Provided data:
━━━━━━━━

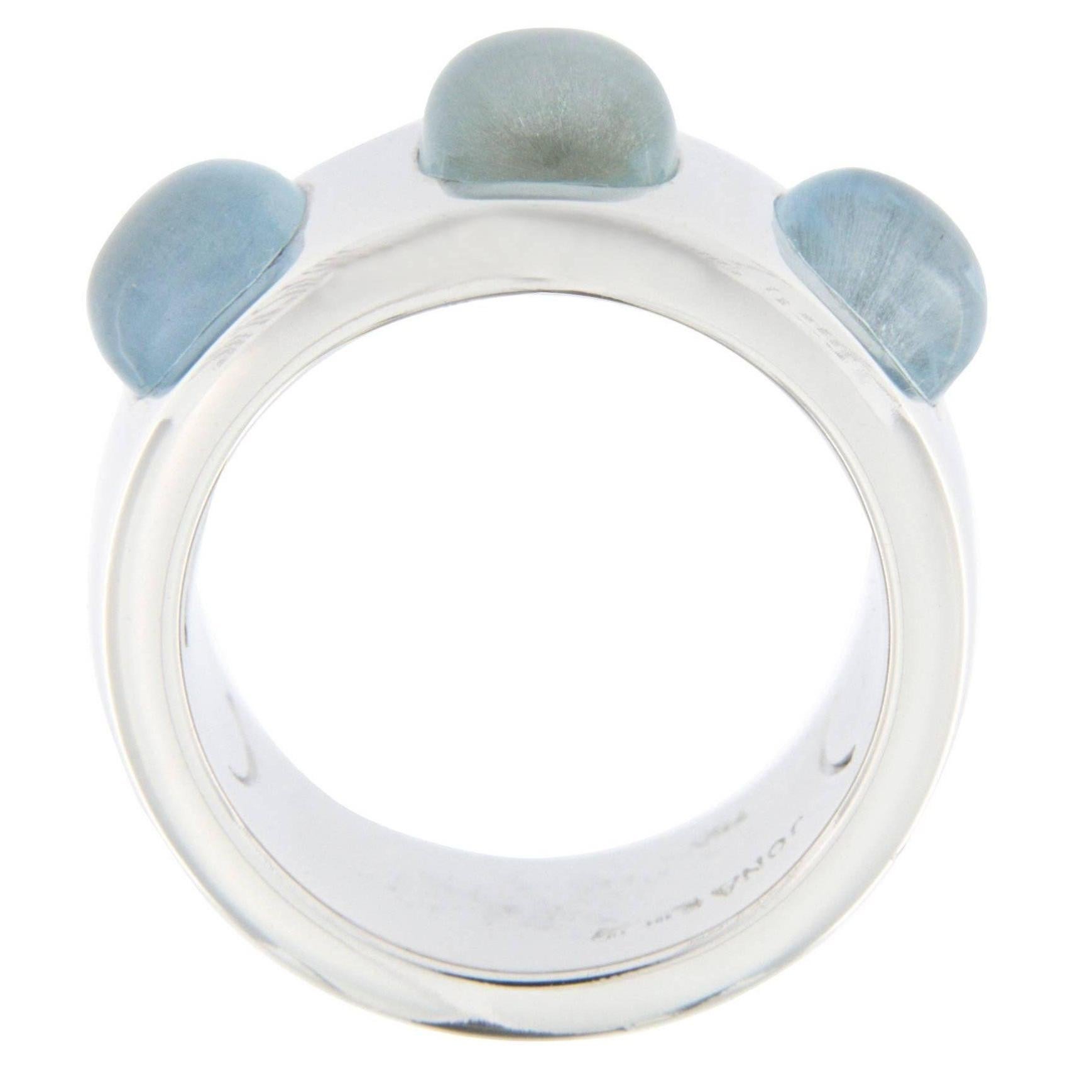 Alex Jona design collection, hand crafted in Italy, 18 karat white gold band ring set with three aquamarine cabochon weighing 4.0 carats in total. US size 6 / EU size 12. Can be made to order in 3o working days.
Dimensions:
H 0.95 in. x W 0.84 in x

━━━━━━━━

Problem to solve: Pictures stay out; the data above is to be returned exactly.

Result of this task:
 Alex Jona design collection, hand crafted in Italy, 18 karat white gold band ring set with three aquamarine cabochon weighing 4.0 carats in total. US size 6 / EU size 12. Can be made to order in 3o working days.
Dimensions:
H 0.95 in. x W 0.84 in x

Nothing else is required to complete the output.